PROMPT ▸ Write out, please, each line from the one containing "Photo 2 of Allergy" to the final line of the data, both included, exactly and without pictures.

TASK INPUT ▸
#####

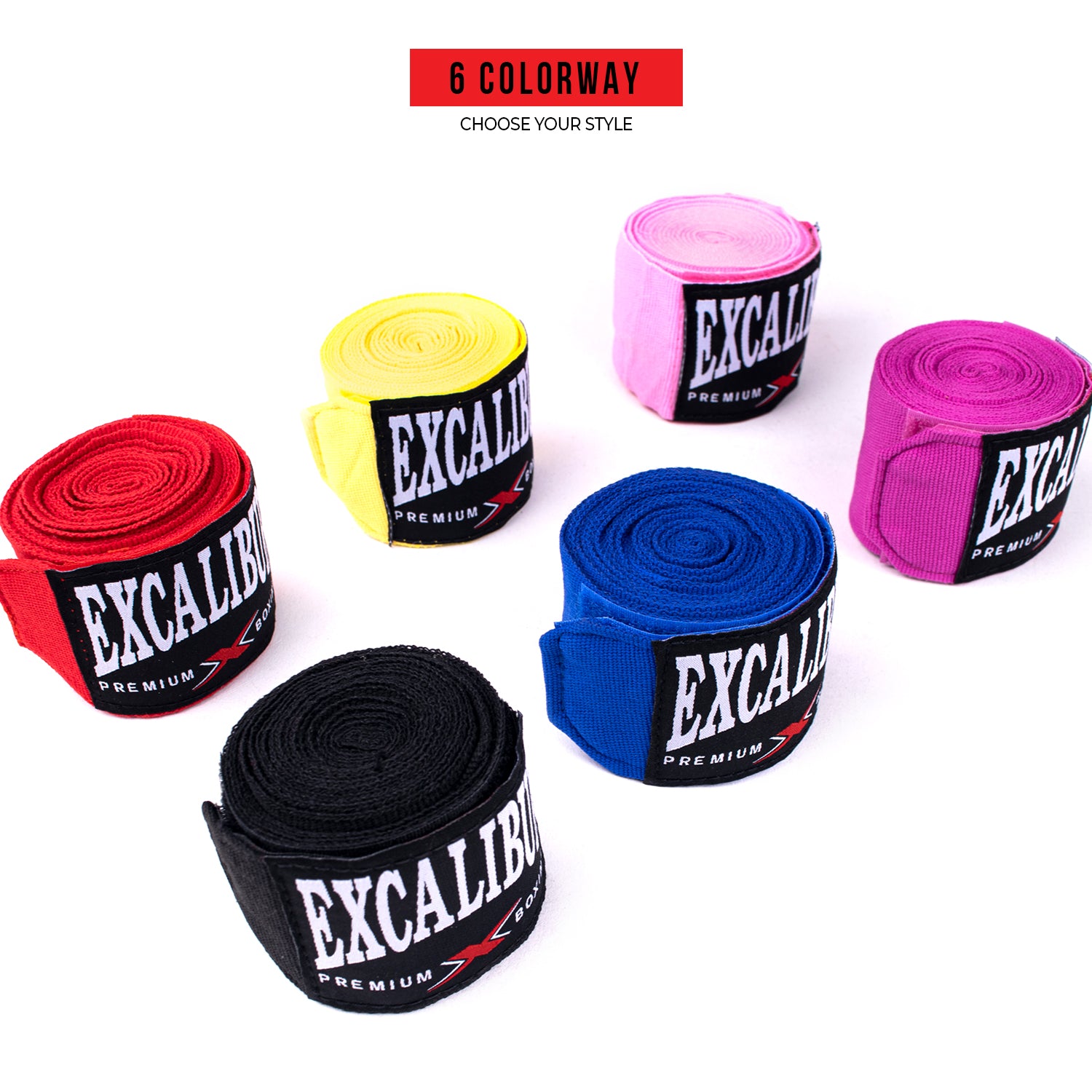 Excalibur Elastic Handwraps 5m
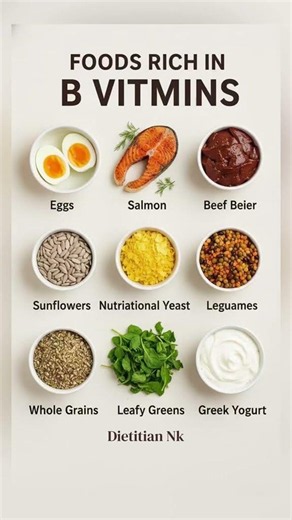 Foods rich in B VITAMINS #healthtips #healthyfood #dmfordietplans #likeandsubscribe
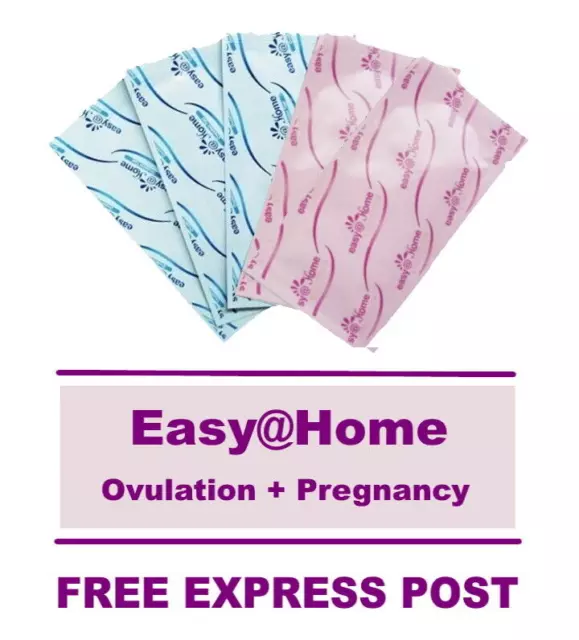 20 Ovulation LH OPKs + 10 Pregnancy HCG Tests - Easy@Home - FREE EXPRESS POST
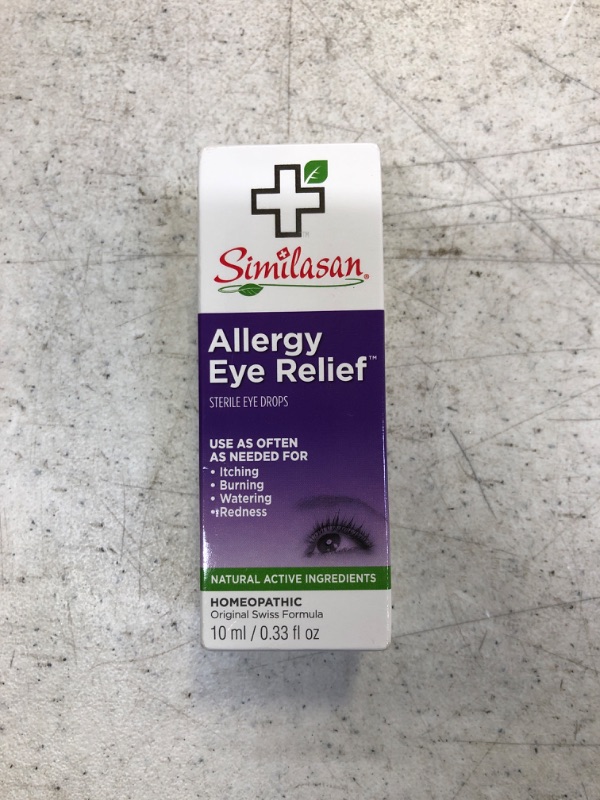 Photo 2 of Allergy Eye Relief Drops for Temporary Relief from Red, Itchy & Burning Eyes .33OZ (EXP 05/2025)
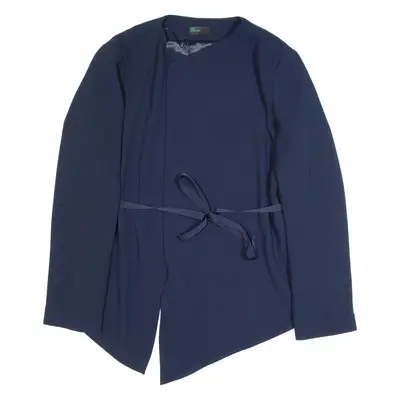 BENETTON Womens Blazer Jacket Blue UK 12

#####

RESULT OF THE TASK ▸
 Photo 2 of Allergy Eye Relief Drops for Temporary Relief from Red, Itchy & Burning Eyes .33OZ (EXP 05/2025)
 BENETTON Womens Blazer Jacket Blue UK 12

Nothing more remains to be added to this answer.